Influence of Geosynthetic Stiffness on Deterministic and Probabilistic Analyses of Reinforced Soil Structures with Focus on Reinforced Fills Over a Void
Mahdavi Naftchali, Fahimeh
Geosynthetics, Rate-dependent stiffness, mechanically stabilized earth (MSE) walls, Reinforced fill, Void, Arching, Limit states, Deterministic analysis, Probabilistic analysis, Factor of safety, Deformation, Strain, Tensile strength, Stiffness, Reliability index, Probability of failure, Level of understanding, Model bias, Isochronous load-strain behaviour, Creep, Hyperbolic stiffness model, Numerical modelling, finite difference model (FDM)

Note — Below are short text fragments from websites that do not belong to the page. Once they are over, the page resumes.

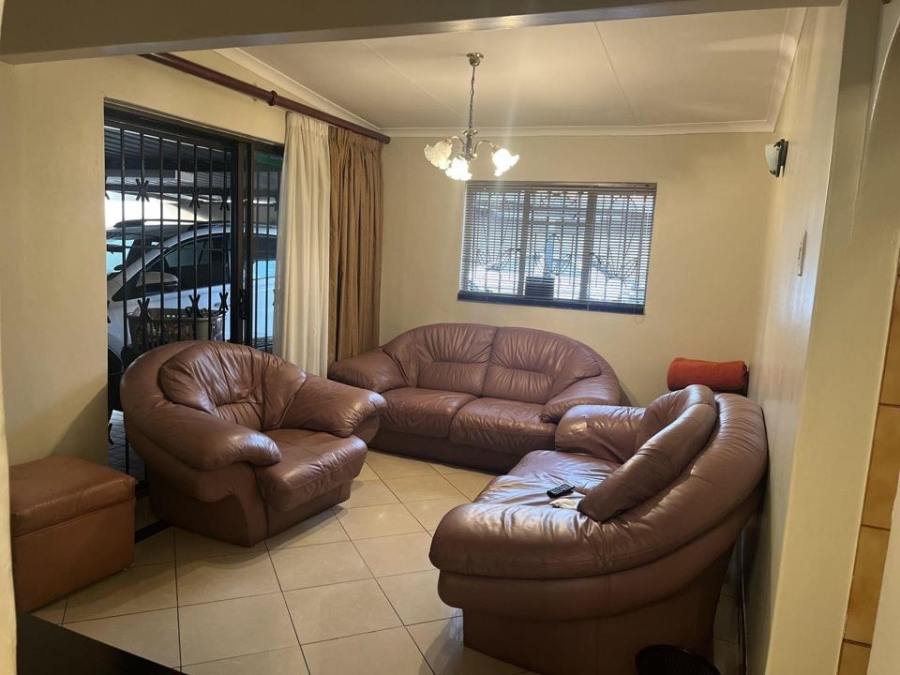 4 Bedroom Property for Sale in Laudium Gauteng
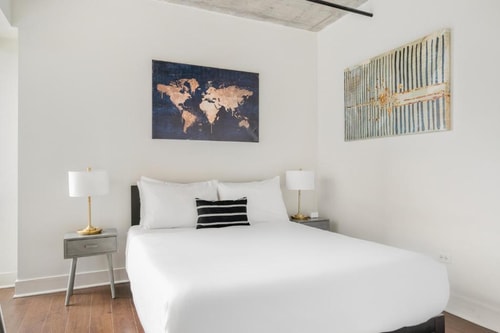 Studio Apartment Near IL Park CHI 1 Luxury Bookings
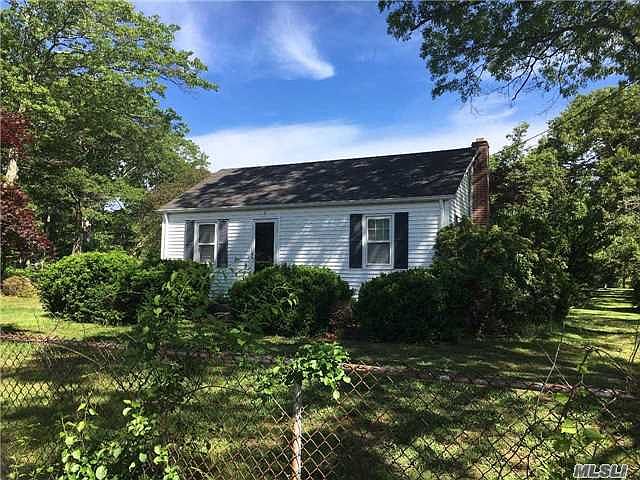 1st image of 63 Crestwood Dr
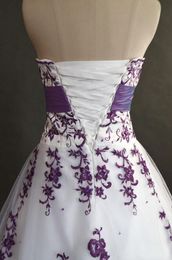 Robes de mariée blanches et violettes de qualité supérieure en provenance de Chine Sweetheart Necline Machine exquise broderie A-ligne Corset Robes de mariée152G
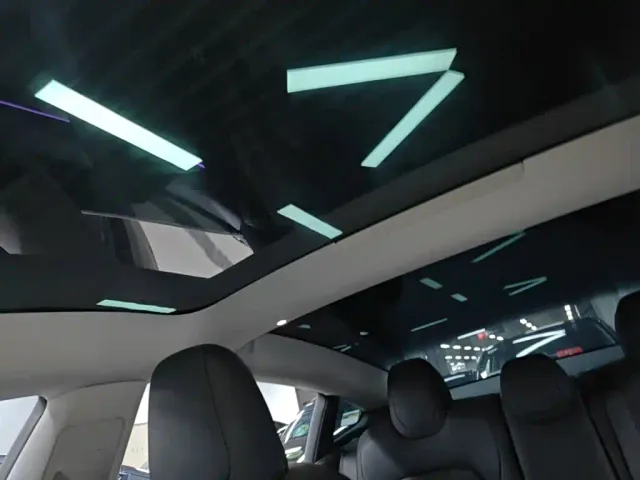Tesla Model 3 — Фото автомобиля 17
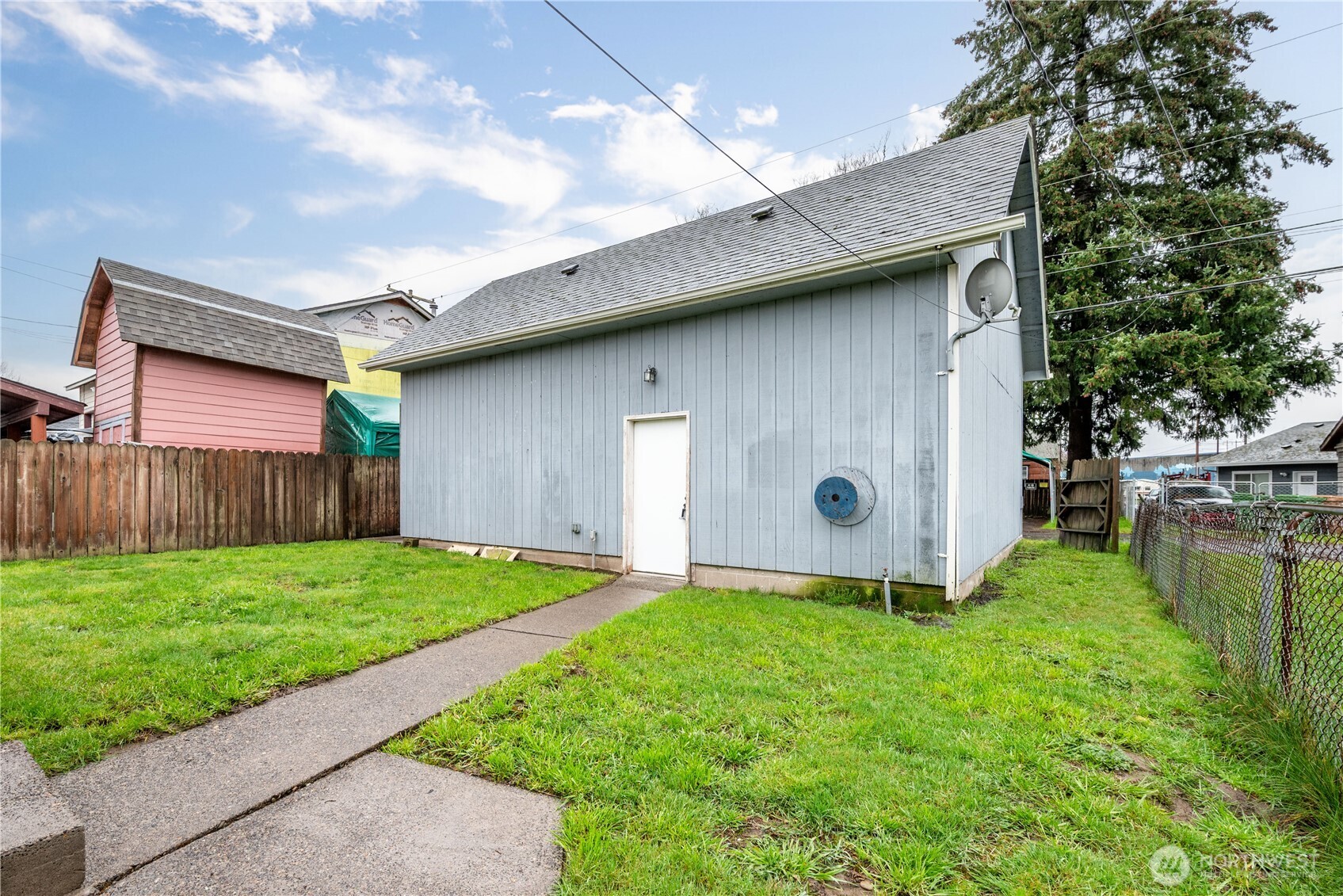 316 15th Avenue Longview, WA 98632 - Photo 22 of 30 a front view of a house with a yard and garage
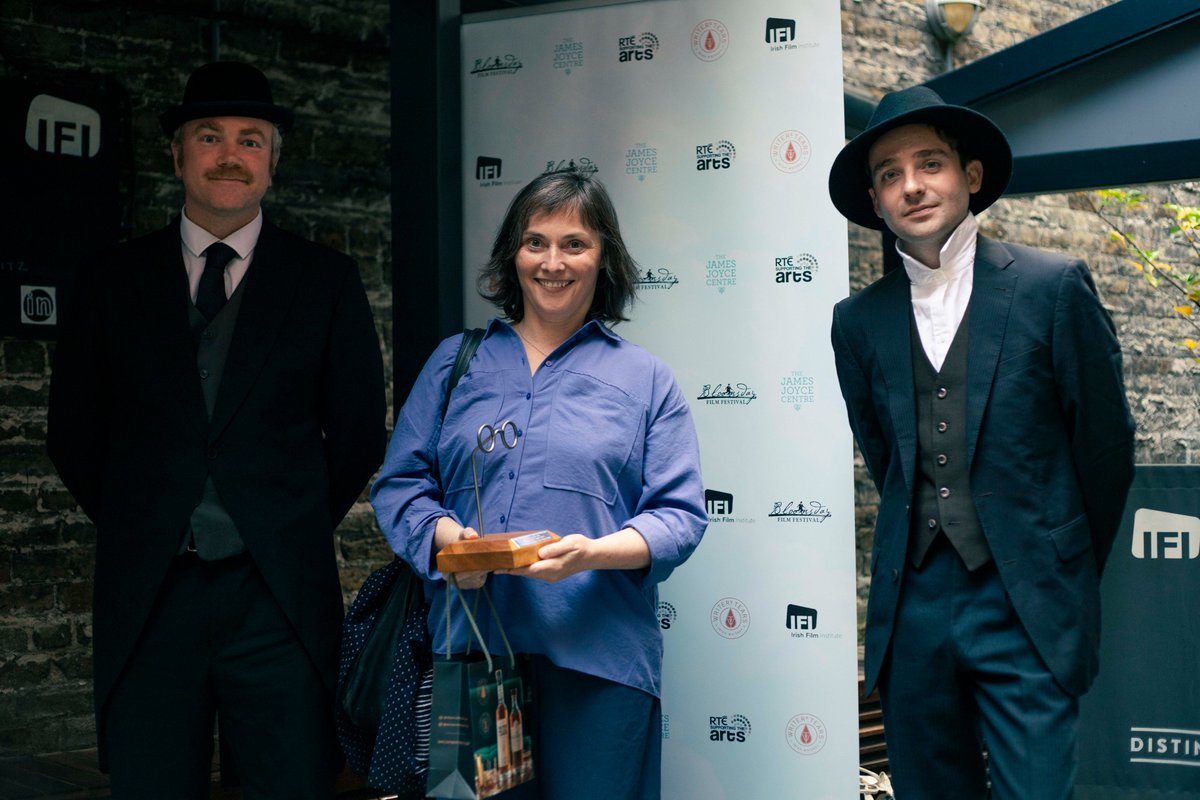 BloomsdayFF's tweet photo. Winner of Best #Joycean Short
'A Bible, a Book and a Beach' by
@LizRocheCompany & José Miguel Jiménez
Congratulations! ✨
#bloomsday2023 #Ulysses #BloomsdayFilmFestival #JamesJoyce https://t.co/u8YHPz86mh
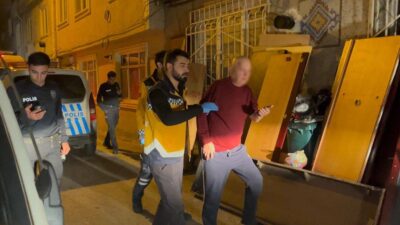 Bursa’nın Osmangazi ilçesinde alkol alan yaşları 80’i bulan 3 vatandaş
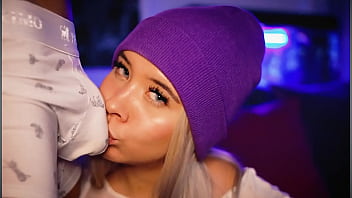 Sexy Colombian Blonde Wants To Eat Her ' Cock While You Watch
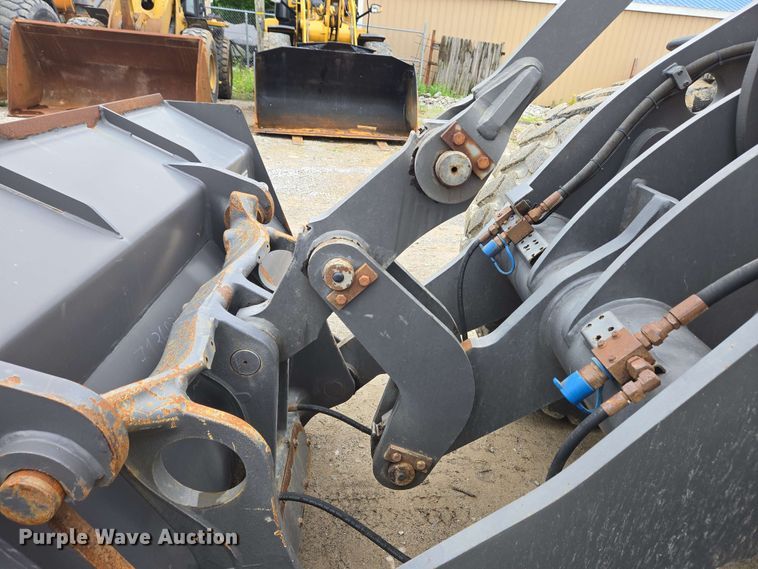 image for item EC4210 2016 Volvo L45H wheel loader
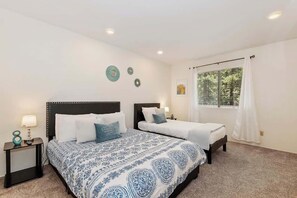 2 bedrooms, WiFi, bed sheets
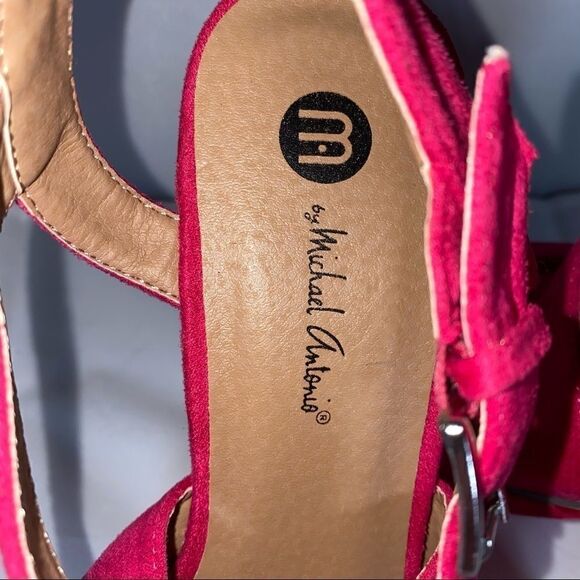 Michael Antonio heels Barbie Pink Suede Heels Sz 6.5 Like new. - Picture 6 of 7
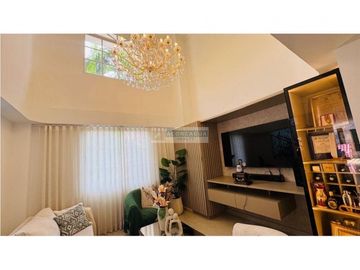 Casa en Conjunto en venta en Villa Santos con piscina privada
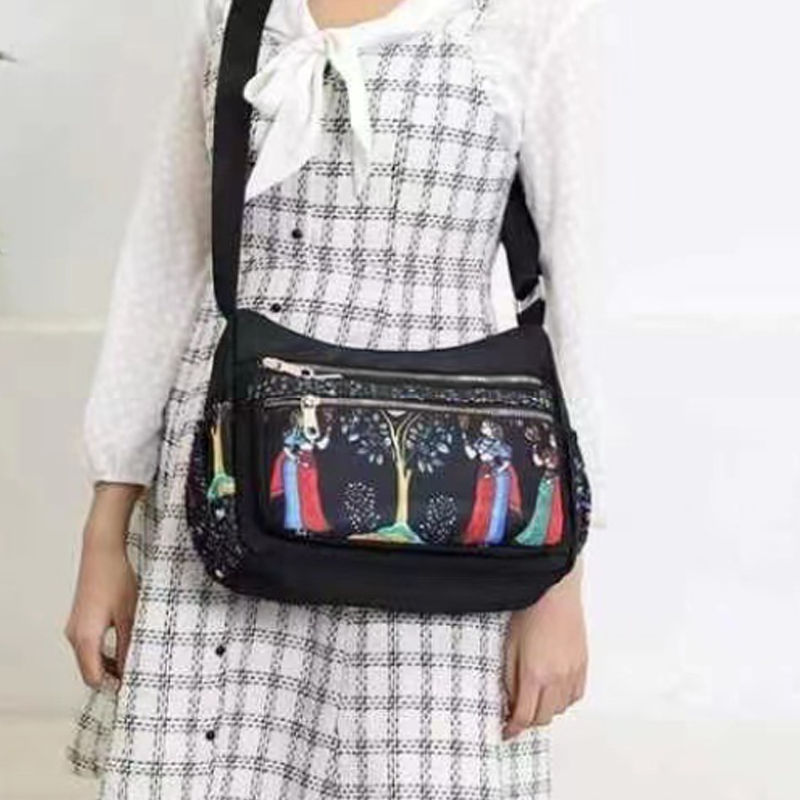 š„HOT SALEš„Large Capacity Fashion Printed Messenger Bag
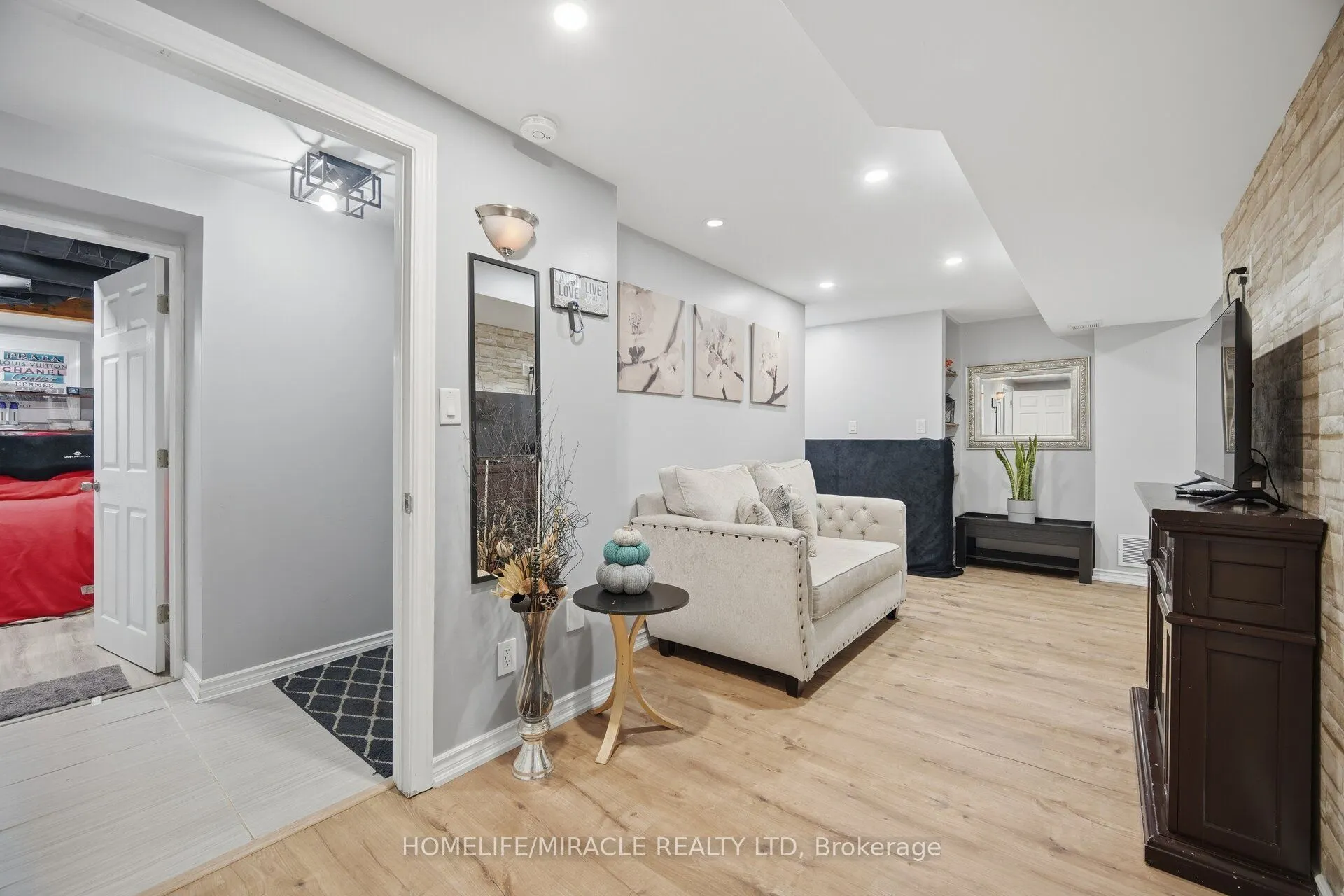 33 Klemscott Road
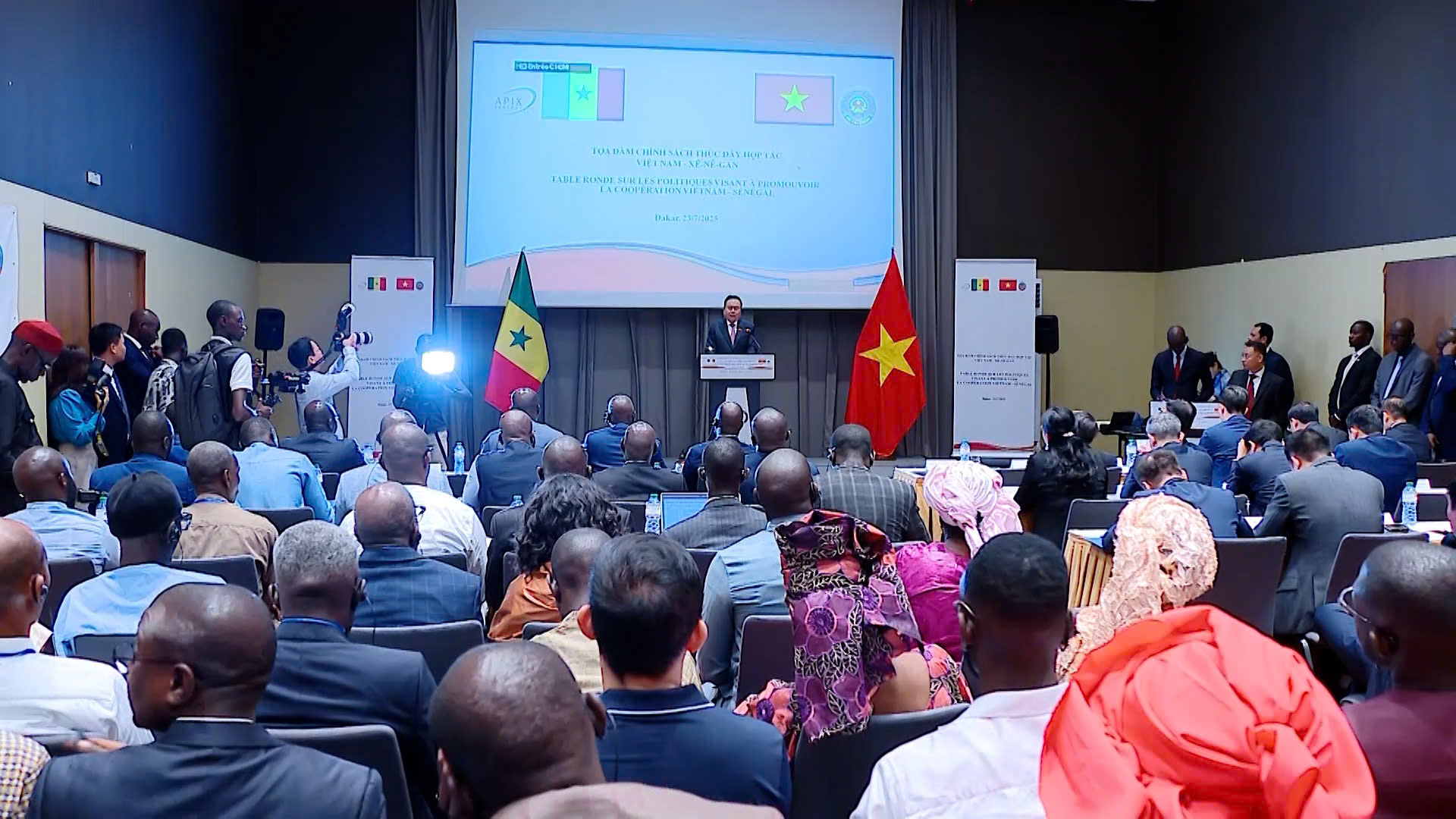 Chủ tịch Quốc hội Trần Thanh Mẫn và Chủ tịch Quốc hội Senegal dự tọa đàm chính sách thúc đẩy hợp tác Việt Nam - Senegal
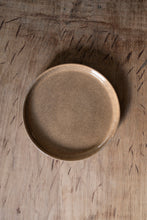 Carica l'immagine nel visualizzatore di Gallery, Piatto piano Ø18 serenity camel DUTCH ROSE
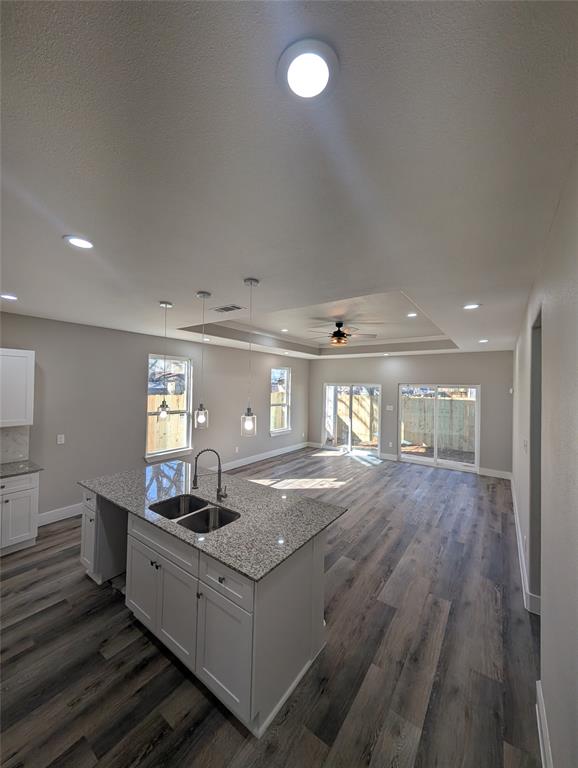 English Place - Residential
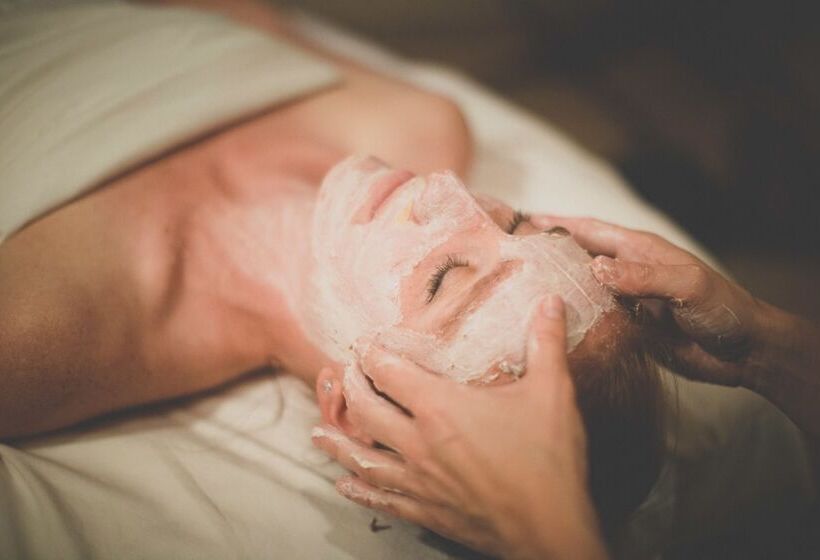 هتل Tanque Verde Guest Ranch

Geosynthetic reinforcement products are rate-dependent polymeric materials meaning that they exhibit strain-, time- and temperature-dependent behaviour under load. In the vast majority of the geosynthetics literature, the load-strain-time properties of geosynthetic reinforcement materials are ignored in the analysis and design of geosynthetic reinforced soil structures under operational (serviceability) conditions such as mechanically stabilized earth (MSE) wall structures and reinforced fills over a void. One important outcome of this thesis is a large database of geosynthetic reinforcement properties for a wide range of products and product classifications with their rate-dependent behaviour described by a simple two-parameter hyperbolic isochronous model. This model is used to demonstrate the influence of reinforcement stiffness on the magnitude of MSE wall deformations and loads under operational conditions. However, the main focus of this thesis is to examine the influence of reinforcement stiffness on the reinforced fill over a void problem. Analytical methods for geosynthetic-reinforced fills over voids most often overlook the impact of geosynthetic reinforcement reduced stiffness due to creep during tensile loading. This thesis addresses this gap by introducing a reinforcement stiffness limit state for analysis and design of these systems together with the two-parameter hyperbolic isochronous load-strain model. A disadvantage of analytical solutions for the reinforced fill over a void problem is that the coupled effects of fill and reinforcement properties, and problem geometry are not considered. To overcome this deficiency, a 2D finite difference (FLAC) numerical model of the reinforced fill over a void is developed that implements the hyperbolic isochronous load-strain model for the reinforcement layer. This thesis shows how rate-dependent properties of polymeric reinforcement geosynthetics impact reinforcement tensile strains, load, and overall system performance. There is a movement in geotechnical engineering towards a probabilistic approach to performance-based design and quantification of limit state margins of safety in probabilistic terms. This thesis looks at margins of safety for selected limit states for the problem of a reinforced soil fill over a void from both a classical factor of safety point of view and, for the first time, from a reliability-based design (probabilistic) point of view.